> **EXTRACTED DATA**
····················
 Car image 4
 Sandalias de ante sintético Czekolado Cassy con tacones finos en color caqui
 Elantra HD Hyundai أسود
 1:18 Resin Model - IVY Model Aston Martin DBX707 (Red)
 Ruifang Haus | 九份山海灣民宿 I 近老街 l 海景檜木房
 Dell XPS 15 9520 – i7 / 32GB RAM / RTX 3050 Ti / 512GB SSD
····················
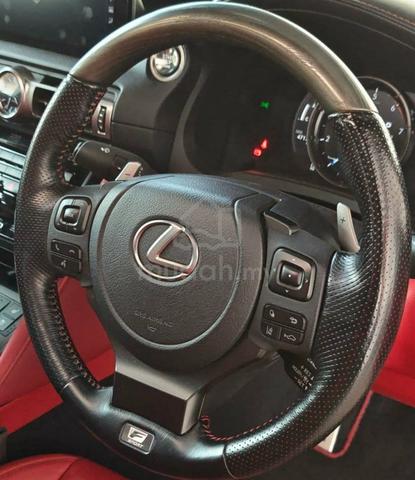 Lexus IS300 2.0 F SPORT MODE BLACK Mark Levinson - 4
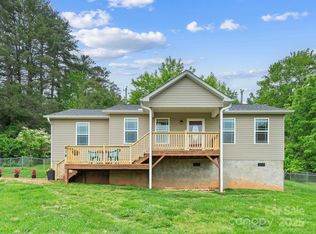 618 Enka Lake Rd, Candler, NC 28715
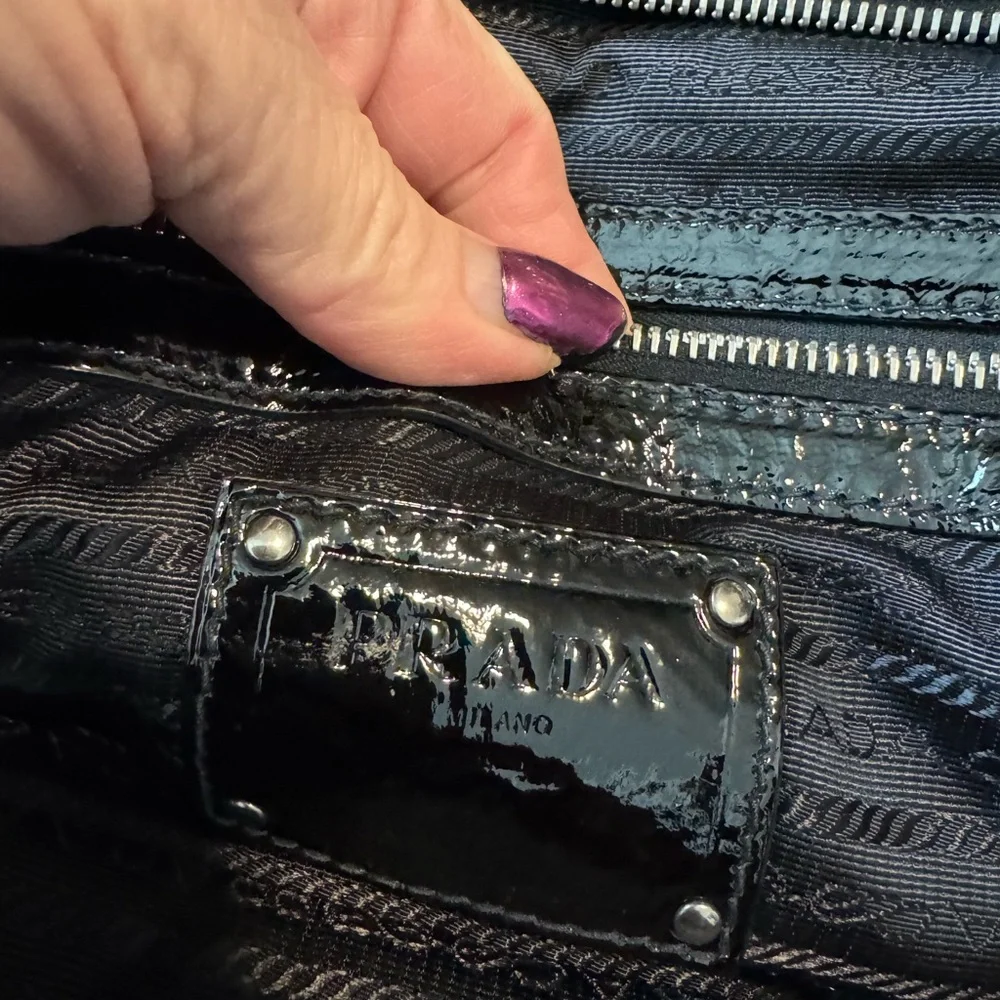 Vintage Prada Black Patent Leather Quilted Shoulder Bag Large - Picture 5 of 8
····················
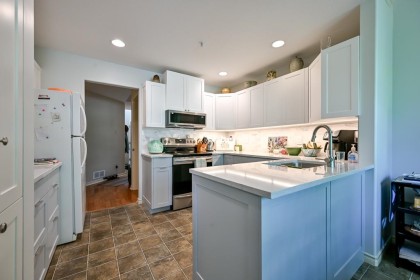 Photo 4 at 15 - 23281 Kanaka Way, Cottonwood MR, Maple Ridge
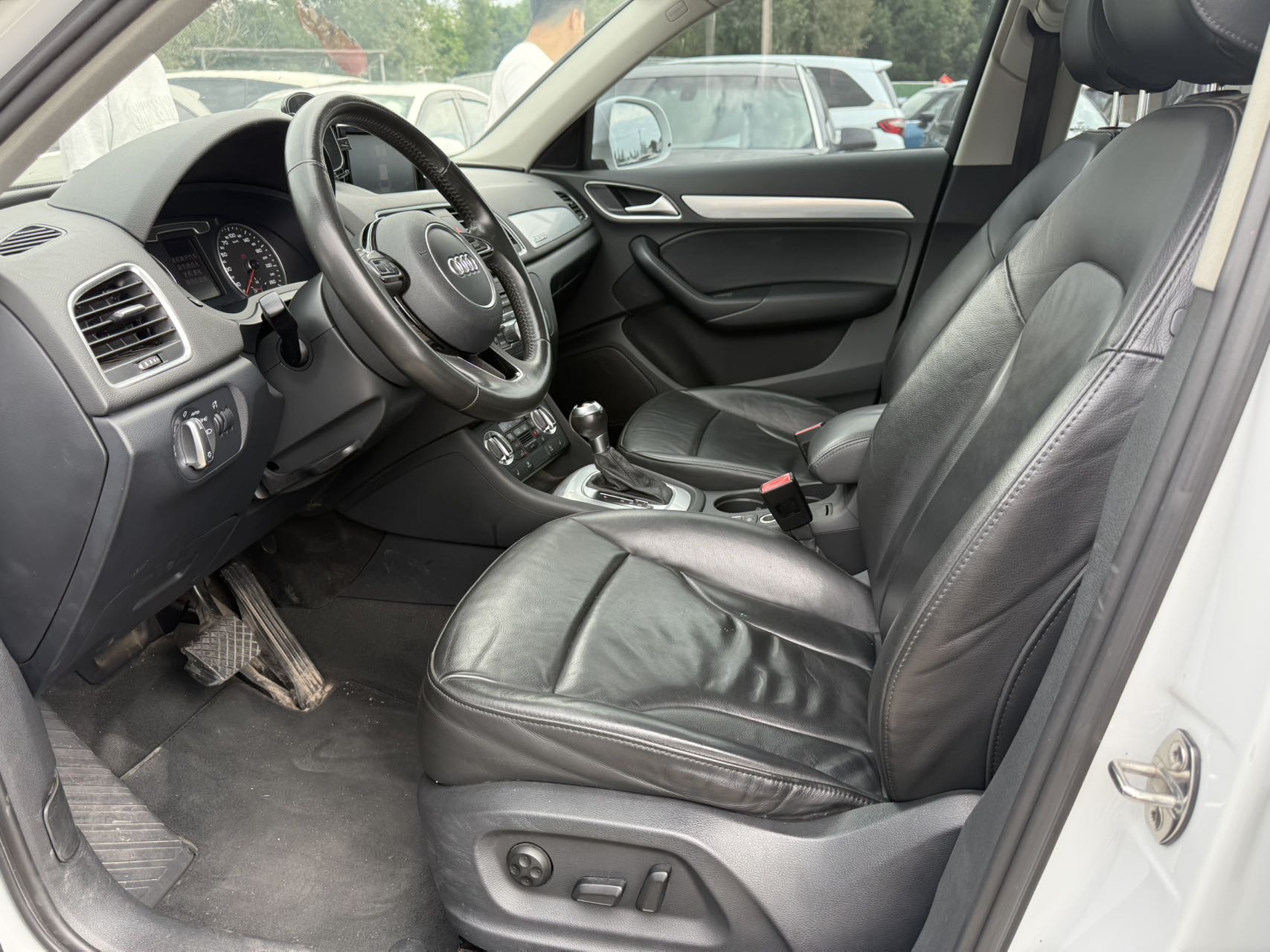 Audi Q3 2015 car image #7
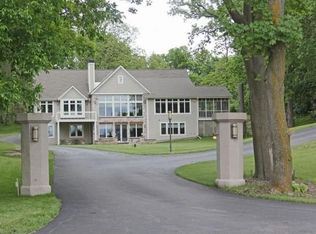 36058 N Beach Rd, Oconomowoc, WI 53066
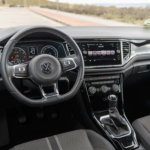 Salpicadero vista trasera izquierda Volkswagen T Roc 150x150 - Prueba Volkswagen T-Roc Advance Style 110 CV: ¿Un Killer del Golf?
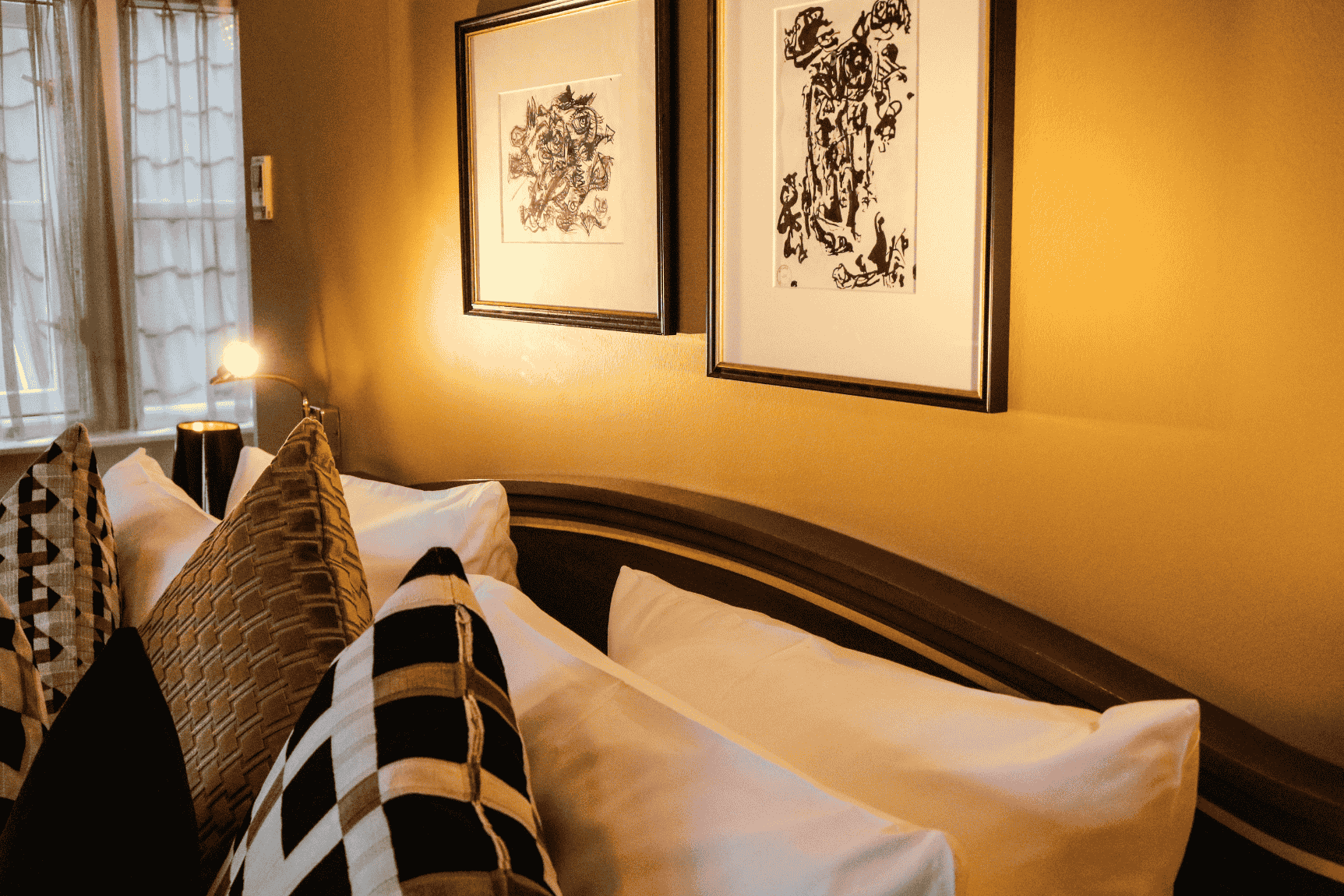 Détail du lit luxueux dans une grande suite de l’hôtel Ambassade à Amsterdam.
····················
> **WHAT YOU NEED TO DO**
Everything above from the line with "Ruifang Haus | 九份山海灣民宿 I 近老街 l 海景檜木房" to the line with "Dell XPS 15", both included, must be repeated exactly, and nothing outside that range.

> **ANSWER TO THE EXERCISE**
 Ruifang Haus | 九份山海灣民宿 I 近老街 l 海景檜木房
 Dell XPS 15 9520 – i7 / 32GB RAM / RTX 3050 Ti / 512GB SSD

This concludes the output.